Oct 5-14 at the Little Theatre and Grand Illusion.
See Movie Times for complete listings. Call 206-675-2055 for ticket info.
To supporters of independent film, there's often a knee-jerk reaction to back anyone courageous enough to pick up a camera. Thou shalt not be unkind to the starving artist! says the voice of some greater collective DIY aesthetic. Thou shalt support the indie auteur or be cast out of alterna-Paradise! Well-intentioned as it may be, this pose serves no one, undermines real accomplishment, misapplies notions of community to art, and creates a condescending, paternalistic attitude toward the experimental and offbeat. Yet encouragement is vital, acting as a friendly lighthouse in the dark sea of blockbuster cinema, where excellent work goes unnoticed and gets cast away in the big-money waves. The Seattle Underground Film Festival, which opens Friday and runs through October 14, encapsulates this dilemma.
Now in its third year, the festival sports over 200 movies from all over the world, ranging in duration from a couple of minutes to a couple of hours, and features almost no stars or filmmakers of note. It's the sort of event that's easy to root for. However, the movies we watched at the press screening, um, weren't, uh, very good. They weren't bad, mind you, but I was pretty underwhelmed.
The best of the bunch was called Family Values, directed by Eva Saks. It's the story of Becky and Donna, a lesbian couple who live in Philadelphia, and is also the story of Becky's business, which happens to be called Trauma Scene Restoration. When someone dies, they take care of cleaning up the death scene. The first 10 minutes, in which we drive around with Becky while she matter-of-factly cleans up the carnage, is pretty amazing. Her demeanor is the same as that of, say, a plumber, and her no-nonsense, can-do attitude is fascinating and funny and a little creepy. Then, halfway to brilliance, Saks loses her narrative track, going into the not particularly interesting relationship between the two women, while goofy I--Like-Ike-era Susie Homemaker music plays in the background. Even if this weren't a narrative dead end, well, the "happy loving straight couple that happens to be gay" theme has been done to death.

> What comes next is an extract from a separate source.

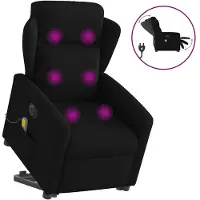 vidaXL Elektrischer Massagesessel mit Aufstehhilfe Schwarz Stoff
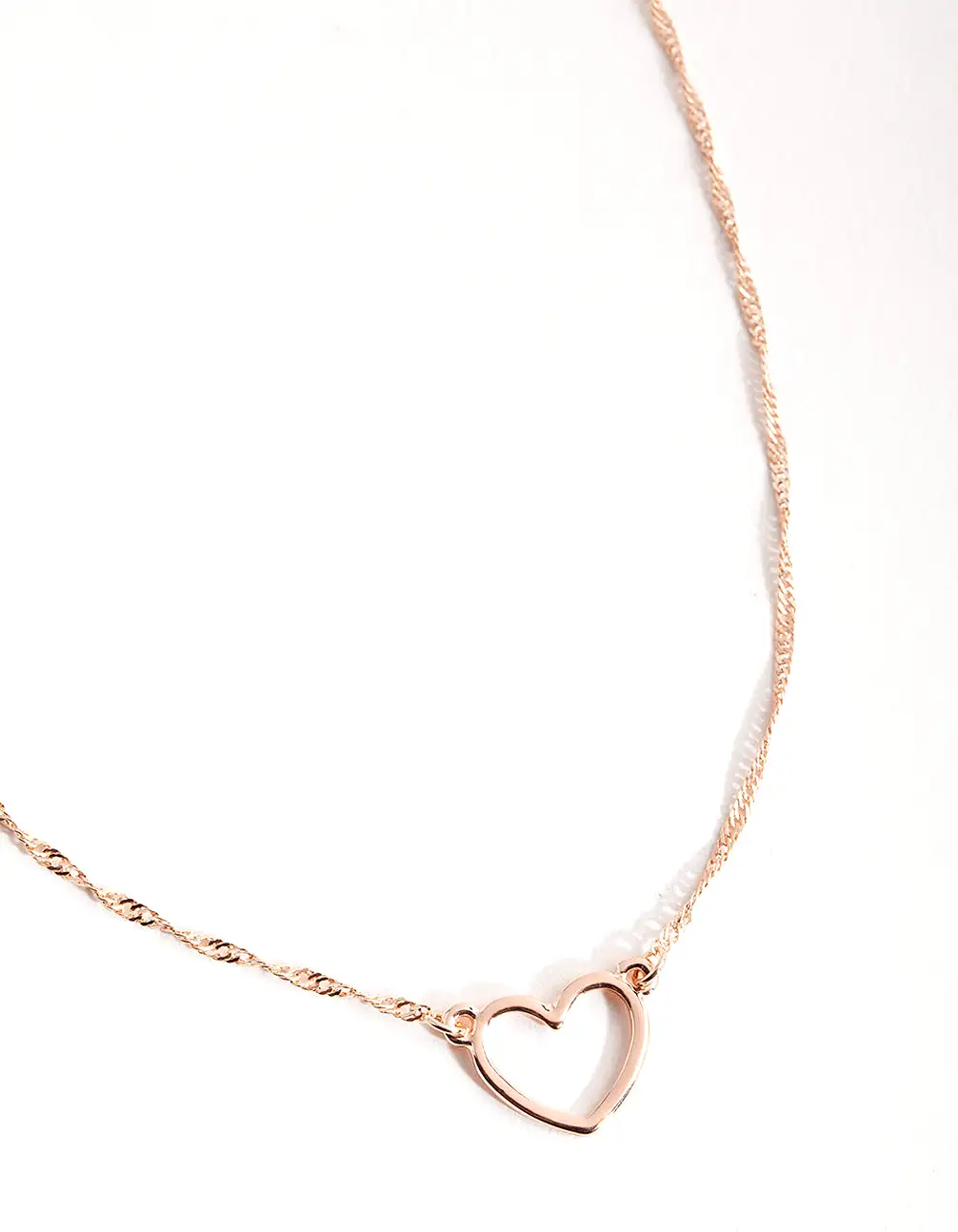 Rose Gold Open Heart Necklace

So the screening was a bust. But that doesn't mean you should skip SUFF, because judging from the festival program, there are plenty of films that are worth the chance. Plaster Caster is a documentary about Cynthia Plaster Caster, the legendary '60s groupie who made plaster casts out of rock stars, most famously, Jimi Hendrix (he was huge). This Is What Democracy Looks Like, also a documentary, concerns the anti-WTO protests in Seattle, and is composed of over 100 different videotapes, providing a skittish patchwork of impressions of the five days that shook the world. The American Classroom is a series of short, goofy, creepy films from the '50s that were shown in schools across the country. Each film, done in a stark, clinical black and white, documents a different threat to the nuclear family in the age of anxiety, such as the neighborhood pervert (he lurks in the shadows of schoolyards), the false God of flowering sexuality, and the threats of materialism (prom dresses can ruin families). I've seen some of these before, and they're fantastic, a kind of suburban mental-hygiene noir where danger is as close as a skirt cut above the knee. Made just after the arms race began, there is the suggestion of complete annihilation in every raised, small-town eyebrow.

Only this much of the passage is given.